Norbert Dobeleit

Personal information
- Born: 17 July 1964 (age 61) Renchen, Baden-Württemberg, West Germany

Medal record
Men's athletics
Representing West Germany
Olympic Games
| Bronze medal – third place | 1988 Seoul | 4×400 m |
European Championships
| Silver medal – second place | 1990 Split | 4×400 m |

= Norbert Dobeleit =

Norbert Dobeleit (born 17 July 1964) is a German television personality and retired athlete. During his active career he represented West Germany and specialized in the 200 and 400 metres.

==Biography==
Dobeleit was born in Renchen, Baden-Württemberg. At the 1987 World Championships he placed fifth in 4 × 100 metres relay and fourth in 4 × 400 metres relay. At the 1988 Summer Olympics held in Seoul, South Korea he helped win the 4 × 400 metres relay bronze medal with his teammates Edgar Itt, Jörg Vaihinger and Ralf Lübke.

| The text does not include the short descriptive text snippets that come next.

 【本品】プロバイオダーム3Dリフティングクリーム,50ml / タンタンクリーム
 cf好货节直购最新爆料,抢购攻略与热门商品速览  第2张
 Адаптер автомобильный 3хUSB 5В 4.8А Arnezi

He won the 400 m race at the 1990 European Indoor Championships, and at the 1990 European Championships he finished fifth in 400 m and second in 4 × 400 m relay with teammates Klaus Just, Edgar Itt and Carsten Köhrbrück.

His personal best time was 20.43 seconds, achieved in July 1987 in Rhede. This ranks him ninth among German 200 m sprinters, behind Tobias Unger, Frank Emmelmann, Sebastian Ernst, Eugen Ray, Jürgen Evers, Ralf Lübke, Bernhard Hoff and Hans-Joachim Zenk.

After retiring he has worked as a television presenter in the German media.

Norbert Dobeleit was married to Swiss television presenter Tamara Sedmak and they have a son named Julius, born in June 2011. They are now separated.